By polishing a lens glass material (S-NPH3, manufactured by Ohara Inc.) the optical element substrate 12 (single concave lens) having a shape shown in FIG. 1 was formed.

A dielectric multi-layer film as the antireflection coating 14 was formed on the light exit surface of the optical element substrate 12 using a vacuum deposition method, the dielectric multi-layer film having a thickness of 327 nm and a configuration of MgF₂/ZrO₂/SiO₂/ZrO₂/SiO₂/ZrO₂/SiO₂/Glass.

Next, the first light shielding film 16 having a thickness of 5 μm was formed on the non-optical path portion and the end surfaces of the optical element substrate 12 using a coating material for an optical element (GT-1000, manufactured by Canon Chemicals Inc.).

Next, the interlayer 18 formed of silicon oxynitride was formed by sputtering to cover the first light shielding film 16 and the optical path portion of the optical element substrate 12. The interlayer 18 had a two-layer configuration including: a first layer having a thickness of 63 nm and a refractive index of 1.845 (540 nm) that is formed on the substrate side; and a second layer having a thickness of 110 nm and a refractive index of 1.684 (540 nm) that is formed on the first layer.

Next, an aluminum film (Al film) having a thickness of 40 nm was formed by sputtering to cover the interlayer 18.

Next, the second light shielding film 24 having a thickness of 5 μm was formed on the non-optical path portion and the end surfaces of the aluminum film using a coating material for an optical element (GT-1000, manufactured by Canon Chemicals Inc.).

Further, the optical element substrate 12 on which the second light shielding film 24 was formed was dipped in boiling ultrapure water (having an electrical resistivity of 12 MΩ·cm or higher) for 3 minutes such that a warm water treatment was performed on the aluminum film. Due to the warm water treatment, the functional film 20 was formed including: the light-reflecting region which was covered with the second light shielding film 24; and the transparent uneven-structure region which was not covered with the second light shielding film 24. As a result, the optical element 10 (concave lens) was prepared. The thickness of the region of the functional film 20 having an uneven structure was 300 nm.

Incidentally, a flat glass (S-NPH3, manufactured by Ohara Inc.) formed of a lens glass material was prepared.

A first light shielding film having a thickness of 5 μm was formed on a half region of a single surface of the flat glass using a coating material for an optical element (GT-1000, manufactured by Canon Chemicals Inc.).

Next, an interlayer formed of silicon oxynitride was formed by sputtering to cover the entire surface of the surface of the flat glass where the first light shielding film was formed. The interlayer 18 had a two-layer configuration including: a first layer having a thickness of 63 nm and a refractive index of 1.845 (540 nm) that is formed on the flat glass side; and a second layer having a thickness of 110 nm and a refractive index of 1.684 (540 nm) that is formed on the first layer.

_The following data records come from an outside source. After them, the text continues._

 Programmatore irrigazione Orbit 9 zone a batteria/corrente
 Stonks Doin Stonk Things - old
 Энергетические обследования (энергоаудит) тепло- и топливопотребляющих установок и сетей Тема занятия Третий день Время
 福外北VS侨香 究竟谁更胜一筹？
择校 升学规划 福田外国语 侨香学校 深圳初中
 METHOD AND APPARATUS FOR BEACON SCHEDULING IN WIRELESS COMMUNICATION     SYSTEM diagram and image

Next, an aluminum film having a thickness of 40 nm was formed by sputtering to cover the interlayer.

Next, a second light shielding film having a thickness of 5 μm was formed on the interlayer to cover a half region of the interlayer corresponding to the half region of the first light shielding film, which was formed in advance, using a coating material for an optical element (GT-1000, manufactured by Canon Chemicals Inc.).

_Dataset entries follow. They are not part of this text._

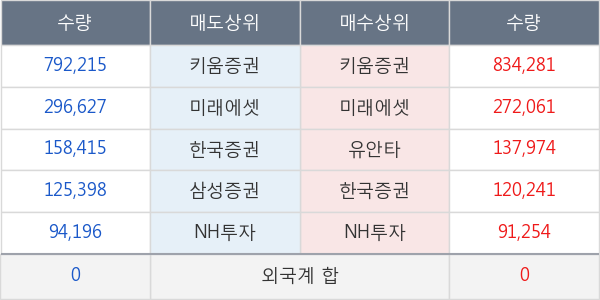 진흥기업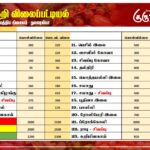 மரக்கறி விலைப்பட்டியல் (30.07.2024)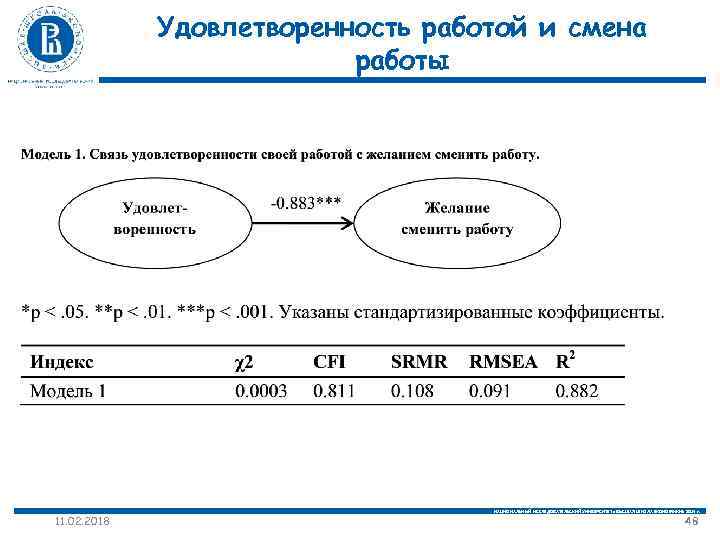 Удовлетворенность работой и смена работы 11. 02. 2018 НАЦИОНАЛЬНЫЙ ИССЛЕДОВАТЕЛЬСКИЙ УНИВЕРСИТЕТ «ВЫСШАЯ ШКОЛА ЭКОНОМИКИ»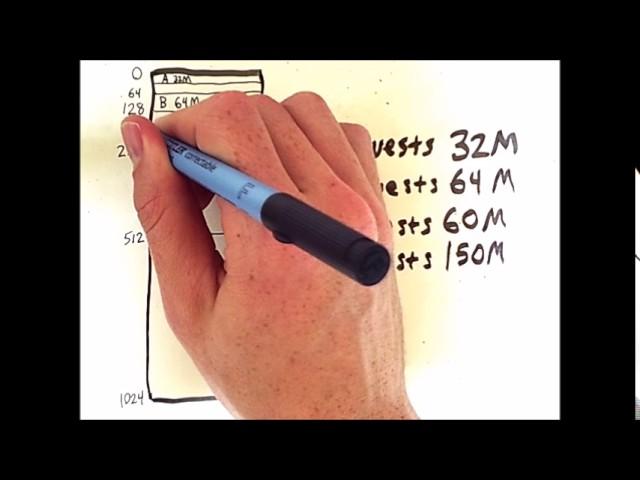 Memory Partitioning 3: Buddy System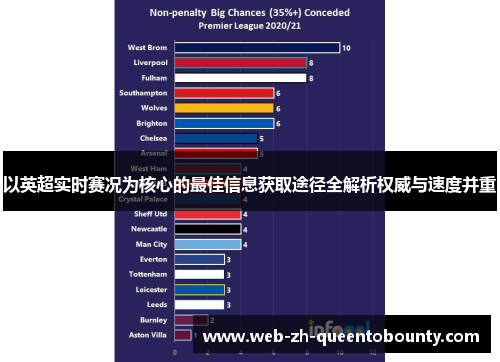 以英超实时赛况为核心的最佳信息获取途径全解析权威与速度并重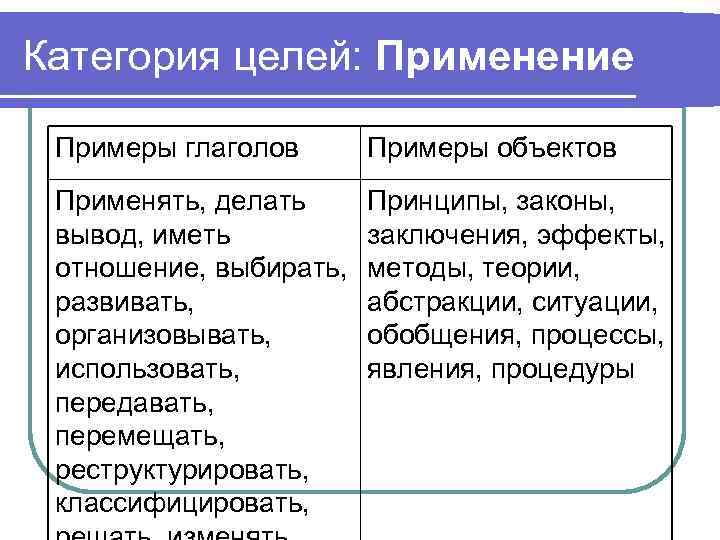 Категория целей: Применение Примеры глаголов Примеры объектов Применять, делать вывод, иметь отношение, выбирать, развивать,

Further, the flat glass on which the second light shielding film was formed was dipped in boiling ultrapure water (having an electrical resistivity of 12 MΩ·cm) for 3 minutes such that a warm water treatment was performed on the aluminum film. Due to the warm water treatment, a functional film was formed including: a light-reflecting region which was covered with the second light shielding film; and a transparent uneven-structure region which was not covered with the second light shielding film. The thickness of the region of the functional film having an uneven structure was 300 nm.

Comparative Example 1

An optical element (concave lens) on which the interlayer 18, the functional film 20 having the light-reflecting region and the transparent uneven-structure region, and the second light shielding film 24 were provided was formed using the same method as in Example 1, except that the first light shielding film 16 was not formed. The thickness of the region of the functional film 20 having an uneven structure was 300 nm.

In addition, a flat glass in which the interlayer, the functional film having the light-reflecting, region and the transparent uneven-structure region, and the second light shielding film covering half of the surface were provided on a single surface was prepared using the same method as in Example 1, except that the first light shielding film was not formed. The thickness of the region of the functional film having an uneven structure was 300 nm.

Comparative Example 2

An optical element (concave lens) on which the interlayer 18, the functional film having the transparent uneven-structure region, and the second light shielding film 24 were provided was formed using the same method as in Example 1, except that: the first light shielding film 16 was not formed; and the functional film was formed by performing the wan water treatment on an aluminum oxide film (Al₂O₃ film) having a thickness of 80 nm instead of the aluminum film. The thickness of the region of the functional film 20 having an uneven structure was 300 nm.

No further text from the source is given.